Jetzt schreibe ich Ihnen, weil mein Bruder im August Urlaub in Berlin macht und ich möchte ihm gerne ein Buch über diese Stadt schenken. Leider kann er kein Deutsch. In der Lesung hat uns Tania einige Fotos über die Mauer gezeigt und ein bisschen erklärt. Das war für mich toll. Ich habe im Internet ein Buch über die Mauer gesucht (mit Erklärungen über die Bilder) aber leider keins gefunden…

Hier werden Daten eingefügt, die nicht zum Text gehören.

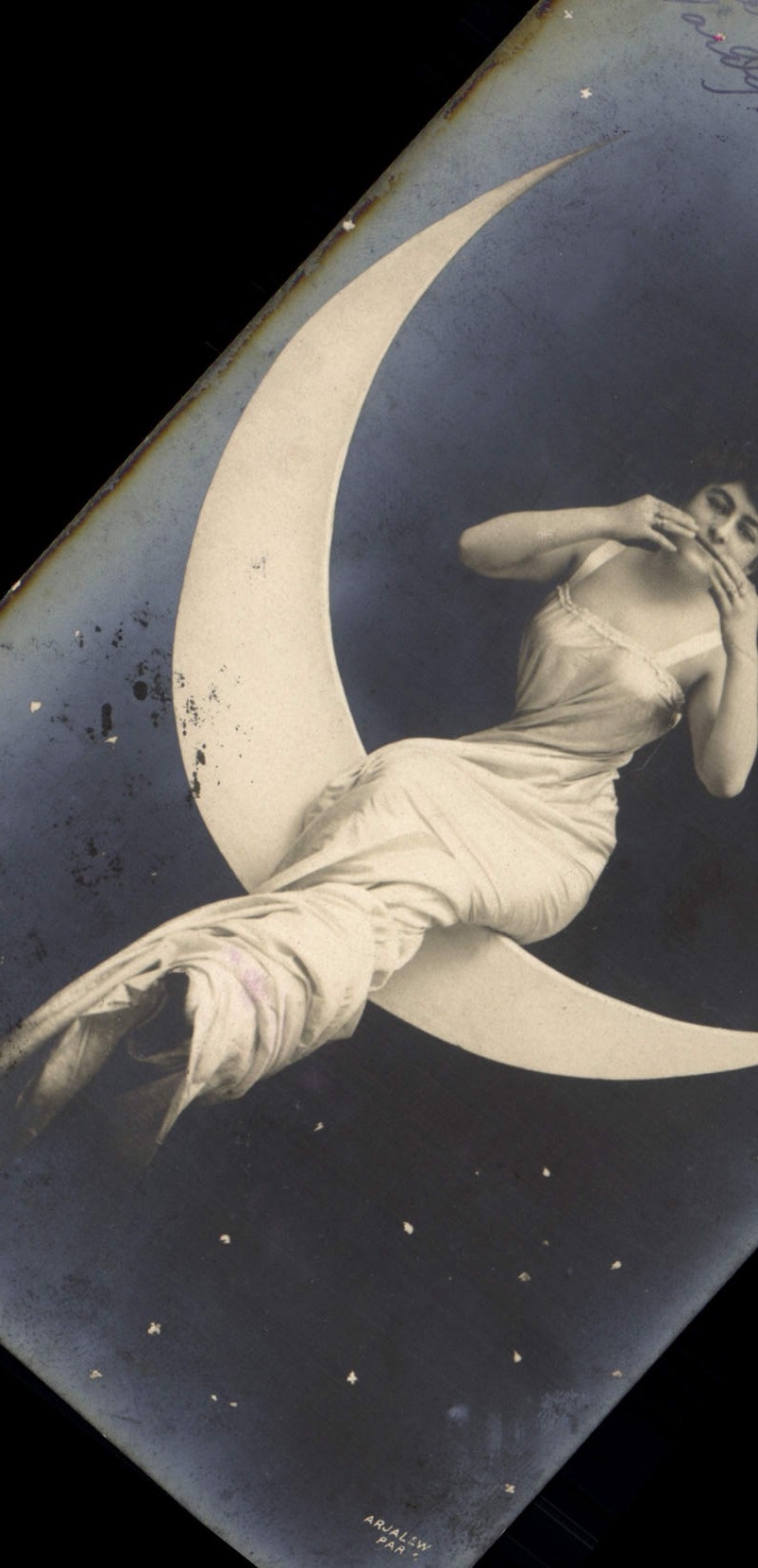Femme sur croissant de lune — éditeur Aralaw, Paris — n° de série non visible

Könnten Sie mir etwas empfehlen? Auf Englisch ist es möglich.
Vielen Dank im Voraus. Mit freundlichen Grüssen,
Estíbaliz
Autorin sagte:
Ja, geehrter Pardel Lux, die Anlage auf dem Teufelsberg sieht schlimm aus. Das stimmt. Immerhin kann man sie besichtigen, einem Faltblatt habe ich vor einiger Zeit entnommen, dass dort Touren stattfinden, ebenso wie durch den verfallenenden Kulturpark/Spreepark in Plänterwald. Es ist ein Jammer, Pardel! Ich weiß nicht, was diese Berliner Politiker machen. Sie stellen alles unter Denkmalschutz und erklären alles zum Landschaftsschutzgebiet, und dann fröhliches Verrotten! Über das erste preußische Säuglings- und Kinderkrankenhaus – oder was heute davon übrig ist – muss ich auch einmal berichten.
Autorin sagte:
Estíbaliz, ein Buch wie Sie sich das wünschen, das kenne ich leider auch nicht! Natürlich gibt es Bücher über die Mauer und „Mauerkunst“, auch auf Englisch, beispielsweise: http://www.amazon.co.uk/Berliner-Mauer-Kunst-Englisch-Franz%C3%B6sisch/dp/388520634X/ref=sr_1_3?ie=UTF8&qid=1337634723&sr=8-3 oder http://www.amazon.co.uk/Marc-Luders-East-Gallery-Kerber/dp/3866781598/ref=sr_1_2?ie=UTF8&qid=1337634723&sr=8-2.
Falls Sie Ihrem Bruder eher einen kleinen Roman schenken möchten, empfehle ich Thomas Brussig: La Avenida del Sol (dt. „Sonnenallee“ – Übersetzung ins Spanische – nicht vorm Titelbild erschrecken!).
Erzählen Sie uns, was Sie am Ende nehmen!